Photo by Paul Thompson/WSC Photos
With many Premier League supporters feeling increasingly excluded and priced out by their clubs, down the pyramid there’s an attendance boom
February 26, 2025
Sometimes a novelty candidate standing in a general election will come up with a good idea. Such as the one in the 1990s who wanted to demolish out-of-town retail parks and replace them with football grounds. A vision that would have got widespread popular support has still to be realised but lower level football is at least in far better shape than when that proposal was made. Last season’s Championship average of just over 23,000 is more than double what it was 30 years ago while crowds in Leagues One and Two are 50 per cent higher.
The changes are more marked in non-League. The reorganisation of the levels below the National League in recent times make exact comparisons difficult but public interest in semi-professional football has never been higher. Twelve clubs at step three of the pyramid, the seventh level of English football, are currently averaging crowds of over 1,000 this season, meaning they have more matchgoing fans than some of the teams in the old Division Four before the EFL’s rebranding in the early 1990s.
Allowing for the identifiable hotspot among Isthmian League sides in Sussex (see WSC 429), the attendance boom is spread fairly evenly across the country. Only one of those step three teams with four-figure gates, Macclesfield in the Northern Premier League, are a former member of the Football League moving back up through the divisions after a financial collapse.
Many smaller clubs have also discovered ways to boost their profile and turn some of their games into major local events. As everyone reading this will probably know, Sheffield FC and Hallam FC contest the oldest derby in world football having first met on Boxing Day 1860. This fact used to feature regularly in football reference books while the clubs rarely received much public interest. During this century, however, both clubs have made skilful use of social media to promote their history to a global audience. With Sheffield currently in the Northern Premier League Division One East, one level above their rivals, they hadn’t met in a competitive match in over a decade. On a Tuesday night in late January, however, they contested the quarter-final of the Sheffield and Hallamshire Cup at Hallam’s Sandygate in front of a capacity crowd of 1,496, many of them Sheffield Wednesday and Sheffield United fans paying to cheer on two other community institutions.
To an extent the non-League boom is a positive by-product of an otherwise negative development in English football, with many supporters feeling excluded from the game at higher levels. Season ticket costs continue to escalate, with supporters’ groups at several Premier League clubs carrying out what is now a regular ritual in asking their clubs for a price freeze for 2025-26.
This is a reasonable demand to make when clubs generate the bulk of their income from broadcasting deals and corporate sponsorships; nine of the top 20 revenue generating clubs around the world are in the Premier League, according to the latest Football Money League published by Deloitte.

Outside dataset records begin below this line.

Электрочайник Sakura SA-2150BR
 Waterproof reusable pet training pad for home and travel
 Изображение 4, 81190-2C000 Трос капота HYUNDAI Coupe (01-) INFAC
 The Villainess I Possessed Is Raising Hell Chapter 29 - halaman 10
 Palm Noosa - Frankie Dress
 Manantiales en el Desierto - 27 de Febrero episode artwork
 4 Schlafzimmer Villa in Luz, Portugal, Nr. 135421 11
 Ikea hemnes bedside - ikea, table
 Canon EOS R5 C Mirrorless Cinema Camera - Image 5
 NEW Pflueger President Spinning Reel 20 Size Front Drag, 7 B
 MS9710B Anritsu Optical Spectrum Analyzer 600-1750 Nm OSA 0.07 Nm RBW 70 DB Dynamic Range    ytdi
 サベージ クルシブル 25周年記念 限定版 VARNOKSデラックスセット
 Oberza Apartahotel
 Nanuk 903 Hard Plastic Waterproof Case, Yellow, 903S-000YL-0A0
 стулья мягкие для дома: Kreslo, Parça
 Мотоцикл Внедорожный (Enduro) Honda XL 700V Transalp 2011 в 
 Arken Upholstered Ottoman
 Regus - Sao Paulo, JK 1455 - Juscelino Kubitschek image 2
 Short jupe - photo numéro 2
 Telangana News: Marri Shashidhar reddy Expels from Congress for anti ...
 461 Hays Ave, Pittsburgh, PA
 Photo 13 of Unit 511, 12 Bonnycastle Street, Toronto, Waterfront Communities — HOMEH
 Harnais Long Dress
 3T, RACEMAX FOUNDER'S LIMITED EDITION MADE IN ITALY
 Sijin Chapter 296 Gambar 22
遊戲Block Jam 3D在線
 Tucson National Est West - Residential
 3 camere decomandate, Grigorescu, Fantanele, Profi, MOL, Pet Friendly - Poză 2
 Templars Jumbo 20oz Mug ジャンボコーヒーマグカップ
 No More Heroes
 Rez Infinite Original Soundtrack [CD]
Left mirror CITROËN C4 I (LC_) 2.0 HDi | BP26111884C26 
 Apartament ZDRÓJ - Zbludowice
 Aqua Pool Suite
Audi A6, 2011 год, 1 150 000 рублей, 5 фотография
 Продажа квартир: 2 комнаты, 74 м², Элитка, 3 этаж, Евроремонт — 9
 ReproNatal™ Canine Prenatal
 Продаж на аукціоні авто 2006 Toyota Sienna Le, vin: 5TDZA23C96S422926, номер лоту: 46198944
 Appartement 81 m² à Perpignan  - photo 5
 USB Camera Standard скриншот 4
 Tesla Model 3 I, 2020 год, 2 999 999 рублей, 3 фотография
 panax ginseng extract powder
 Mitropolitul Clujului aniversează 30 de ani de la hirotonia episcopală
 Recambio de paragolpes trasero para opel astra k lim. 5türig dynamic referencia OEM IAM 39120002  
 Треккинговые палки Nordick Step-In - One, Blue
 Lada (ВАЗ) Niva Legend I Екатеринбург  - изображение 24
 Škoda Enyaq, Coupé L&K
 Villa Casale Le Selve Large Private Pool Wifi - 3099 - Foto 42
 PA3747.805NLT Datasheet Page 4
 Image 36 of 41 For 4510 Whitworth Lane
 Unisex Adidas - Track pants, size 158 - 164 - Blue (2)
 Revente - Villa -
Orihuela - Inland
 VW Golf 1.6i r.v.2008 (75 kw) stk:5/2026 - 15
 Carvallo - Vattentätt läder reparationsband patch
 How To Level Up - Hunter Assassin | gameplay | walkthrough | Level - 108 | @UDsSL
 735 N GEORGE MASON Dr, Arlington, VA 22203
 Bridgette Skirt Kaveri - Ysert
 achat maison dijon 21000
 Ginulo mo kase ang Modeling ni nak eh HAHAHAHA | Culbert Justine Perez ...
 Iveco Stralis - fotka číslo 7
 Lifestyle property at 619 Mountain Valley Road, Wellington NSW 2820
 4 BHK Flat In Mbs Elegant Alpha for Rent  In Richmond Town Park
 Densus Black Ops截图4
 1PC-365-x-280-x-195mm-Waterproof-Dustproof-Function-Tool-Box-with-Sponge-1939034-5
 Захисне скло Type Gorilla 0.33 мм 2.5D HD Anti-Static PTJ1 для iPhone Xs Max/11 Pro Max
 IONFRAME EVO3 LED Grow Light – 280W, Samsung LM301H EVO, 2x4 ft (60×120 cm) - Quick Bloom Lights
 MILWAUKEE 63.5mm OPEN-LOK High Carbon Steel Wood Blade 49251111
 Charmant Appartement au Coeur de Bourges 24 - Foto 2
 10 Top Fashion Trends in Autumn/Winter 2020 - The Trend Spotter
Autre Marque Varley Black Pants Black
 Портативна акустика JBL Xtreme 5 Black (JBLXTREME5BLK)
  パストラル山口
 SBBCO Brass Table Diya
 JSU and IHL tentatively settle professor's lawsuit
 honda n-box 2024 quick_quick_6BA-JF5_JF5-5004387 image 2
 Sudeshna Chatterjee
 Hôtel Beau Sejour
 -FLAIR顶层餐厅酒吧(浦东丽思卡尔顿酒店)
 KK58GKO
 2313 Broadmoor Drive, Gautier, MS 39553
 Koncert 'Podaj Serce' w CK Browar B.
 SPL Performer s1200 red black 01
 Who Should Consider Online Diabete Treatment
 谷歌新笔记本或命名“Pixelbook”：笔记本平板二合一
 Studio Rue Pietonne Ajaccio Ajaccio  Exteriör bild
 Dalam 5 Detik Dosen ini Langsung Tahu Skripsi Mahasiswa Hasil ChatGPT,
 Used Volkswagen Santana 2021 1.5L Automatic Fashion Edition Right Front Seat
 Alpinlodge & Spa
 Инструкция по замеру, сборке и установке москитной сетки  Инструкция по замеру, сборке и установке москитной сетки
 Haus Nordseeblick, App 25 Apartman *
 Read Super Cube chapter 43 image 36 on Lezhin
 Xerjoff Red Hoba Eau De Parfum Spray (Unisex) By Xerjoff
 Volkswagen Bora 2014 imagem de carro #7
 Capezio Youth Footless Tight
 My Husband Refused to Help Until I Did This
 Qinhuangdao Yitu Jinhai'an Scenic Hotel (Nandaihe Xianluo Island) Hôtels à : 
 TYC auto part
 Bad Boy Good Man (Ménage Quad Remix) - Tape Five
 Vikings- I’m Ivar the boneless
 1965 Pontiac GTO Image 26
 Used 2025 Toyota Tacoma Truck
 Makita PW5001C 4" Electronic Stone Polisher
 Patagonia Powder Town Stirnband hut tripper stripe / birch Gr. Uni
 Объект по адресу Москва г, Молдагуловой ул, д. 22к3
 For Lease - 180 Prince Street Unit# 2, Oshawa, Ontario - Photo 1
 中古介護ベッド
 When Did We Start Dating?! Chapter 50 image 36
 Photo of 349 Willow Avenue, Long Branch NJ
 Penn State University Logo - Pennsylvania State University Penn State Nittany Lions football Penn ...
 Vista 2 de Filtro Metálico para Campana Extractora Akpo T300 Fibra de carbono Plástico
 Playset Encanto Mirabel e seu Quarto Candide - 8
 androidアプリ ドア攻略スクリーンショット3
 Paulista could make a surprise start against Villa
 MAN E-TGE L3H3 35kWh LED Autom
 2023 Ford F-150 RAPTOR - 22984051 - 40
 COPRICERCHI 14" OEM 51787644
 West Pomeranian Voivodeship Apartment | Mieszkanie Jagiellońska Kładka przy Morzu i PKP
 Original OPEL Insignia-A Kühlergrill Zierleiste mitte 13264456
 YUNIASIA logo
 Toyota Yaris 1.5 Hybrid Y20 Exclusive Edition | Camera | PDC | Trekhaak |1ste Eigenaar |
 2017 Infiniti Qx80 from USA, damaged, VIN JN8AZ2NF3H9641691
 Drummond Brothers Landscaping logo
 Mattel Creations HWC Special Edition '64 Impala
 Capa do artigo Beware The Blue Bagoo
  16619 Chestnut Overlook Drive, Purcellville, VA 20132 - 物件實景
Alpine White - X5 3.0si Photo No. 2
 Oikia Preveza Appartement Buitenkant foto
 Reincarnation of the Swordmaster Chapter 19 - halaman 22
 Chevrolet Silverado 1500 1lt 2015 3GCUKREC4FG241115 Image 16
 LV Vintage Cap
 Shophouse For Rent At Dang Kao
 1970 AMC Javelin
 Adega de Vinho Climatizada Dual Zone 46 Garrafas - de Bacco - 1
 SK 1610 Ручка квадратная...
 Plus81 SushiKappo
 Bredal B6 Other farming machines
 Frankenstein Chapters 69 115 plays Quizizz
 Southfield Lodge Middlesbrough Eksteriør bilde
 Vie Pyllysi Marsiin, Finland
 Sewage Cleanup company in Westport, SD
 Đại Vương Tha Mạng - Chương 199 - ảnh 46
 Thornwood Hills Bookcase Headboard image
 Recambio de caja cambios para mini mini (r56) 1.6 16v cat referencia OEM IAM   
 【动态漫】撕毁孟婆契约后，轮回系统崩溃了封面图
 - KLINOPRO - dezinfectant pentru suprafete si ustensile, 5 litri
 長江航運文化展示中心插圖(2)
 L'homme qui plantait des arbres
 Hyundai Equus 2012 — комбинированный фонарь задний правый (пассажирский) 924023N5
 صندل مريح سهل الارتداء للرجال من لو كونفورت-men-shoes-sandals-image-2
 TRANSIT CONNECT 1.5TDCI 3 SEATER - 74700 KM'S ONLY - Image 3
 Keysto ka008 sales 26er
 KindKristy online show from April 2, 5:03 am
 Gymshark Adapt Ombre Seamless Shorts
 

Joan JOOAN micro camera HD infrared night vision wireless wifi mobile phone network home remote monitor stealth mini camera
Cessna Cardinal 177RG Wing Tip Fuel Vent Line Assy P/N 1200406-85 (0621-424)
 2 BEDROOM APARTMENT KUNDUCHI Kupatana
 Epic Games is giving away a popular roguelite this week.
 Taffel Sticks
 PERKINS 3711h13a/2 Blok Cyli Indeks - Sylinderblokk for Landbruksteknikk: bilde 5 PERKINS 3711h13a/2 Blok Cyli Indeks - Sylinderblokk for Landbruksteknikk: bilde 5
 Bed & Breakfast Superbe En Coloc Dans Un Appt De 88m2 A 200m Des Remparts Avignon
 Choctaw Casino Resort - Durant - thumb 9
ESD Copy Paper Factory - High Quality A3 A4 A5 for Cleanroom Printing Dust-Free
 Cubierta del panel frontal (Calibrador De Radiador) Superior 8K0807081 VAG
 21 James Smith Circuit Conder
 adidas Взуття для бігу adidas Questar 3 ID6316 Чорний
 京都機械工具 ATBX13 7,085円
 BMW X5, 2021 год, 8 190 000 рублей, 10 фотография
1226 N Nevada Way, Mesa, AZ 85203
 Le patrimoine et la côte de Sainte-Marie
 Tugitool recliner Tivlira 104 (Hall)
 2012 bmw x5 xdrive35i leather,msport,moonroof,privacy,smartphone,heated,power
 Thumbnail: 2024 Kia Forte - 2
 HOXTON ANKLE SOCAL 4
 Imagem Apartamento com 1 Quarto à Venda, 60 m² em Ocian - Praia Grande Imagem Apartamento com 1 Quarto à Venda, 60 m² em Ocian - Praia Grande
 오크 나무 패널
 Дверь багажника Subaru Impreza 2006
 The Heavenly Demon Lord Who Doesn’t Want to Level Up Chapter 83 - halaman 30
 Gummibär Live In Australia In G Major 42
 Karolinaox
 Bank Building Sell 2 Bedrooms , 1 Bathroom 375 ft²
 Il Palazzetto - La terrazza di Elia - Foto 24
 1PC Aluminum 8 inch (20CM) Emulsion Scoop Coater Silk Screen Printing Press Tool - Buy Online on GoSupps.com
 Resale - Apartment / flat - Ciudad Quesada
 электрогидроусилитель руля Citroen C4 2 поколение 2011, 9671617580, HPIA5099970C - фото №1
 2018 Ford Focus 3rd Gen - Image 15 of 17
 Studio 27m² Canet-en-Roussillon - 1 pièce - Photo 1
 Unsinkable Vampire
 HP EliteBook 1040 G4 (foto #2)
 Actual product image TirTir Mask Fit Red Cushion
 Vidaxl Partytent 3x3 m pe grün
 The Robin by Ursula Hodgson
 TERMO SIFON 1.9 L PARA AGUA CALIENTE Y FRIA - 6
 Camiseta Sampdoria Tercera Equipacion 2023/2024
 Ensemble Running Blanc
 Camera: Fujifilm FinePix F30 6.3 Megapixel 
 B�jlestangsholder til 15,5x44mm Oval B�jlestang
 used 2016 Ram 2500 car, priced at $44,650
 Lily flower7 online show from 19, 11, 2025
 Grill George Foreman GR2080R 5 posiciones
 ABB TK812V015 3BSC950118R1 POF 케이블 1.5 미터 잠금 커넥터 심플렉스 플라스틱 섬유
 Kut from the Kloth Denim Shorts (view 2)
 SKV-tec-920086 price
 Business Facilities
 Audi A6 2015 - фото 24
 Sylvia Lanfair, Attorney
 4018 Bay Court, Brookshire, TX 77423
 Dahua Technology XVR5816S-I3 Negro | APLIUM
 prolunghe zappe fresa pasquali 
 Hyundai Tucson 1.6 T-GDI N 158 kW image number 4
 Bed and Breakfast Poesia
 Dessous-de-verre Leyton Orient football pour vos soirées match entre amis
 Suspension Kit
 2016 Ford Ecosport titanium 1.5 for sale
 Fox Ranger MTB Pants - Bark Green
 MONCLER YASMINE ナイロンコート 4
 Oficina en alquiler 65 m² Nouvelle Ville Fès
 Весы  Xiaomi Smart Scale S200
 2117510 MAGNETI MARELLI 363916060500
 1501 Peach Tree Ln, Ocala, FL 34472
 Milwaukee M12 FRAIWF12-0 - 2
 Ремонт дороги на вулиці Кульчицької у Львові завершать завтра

But while stadiums are still full, it often seems that the fans that the clubs are primarily interested in are the visitors from overseas prepared to pay inflated prices on their annual trip to see a match. The clubs involved with the European Super League in 2021 reportedly made a distinction between the global fanbase that the new competition was aimed at and the “legacy fans”, a derisive term for those who had often followed their teams for a lifetime. Many of those will still watch games on TV but they are spending their Saturday afternoons elsewhere and taking the next generation of fans with them.
Most spectators have their first exposure to football as children going to games with adults. In past times they might have gone to watch local non-League occasionally when their League team was playing away. Now lower level games form the main spectating experience for many, who quickly discover that attending matches is about far more than just what happens on the pitch.
The vast majority of clubs will never emulate the wealthy handful who can fill overseas stadiums on summer tours and plough some of their vast profits into retail stores around the world. But most can still prosper if they provide spectators with a sense of belonging rather than simply feeling like they are the consumers of a product.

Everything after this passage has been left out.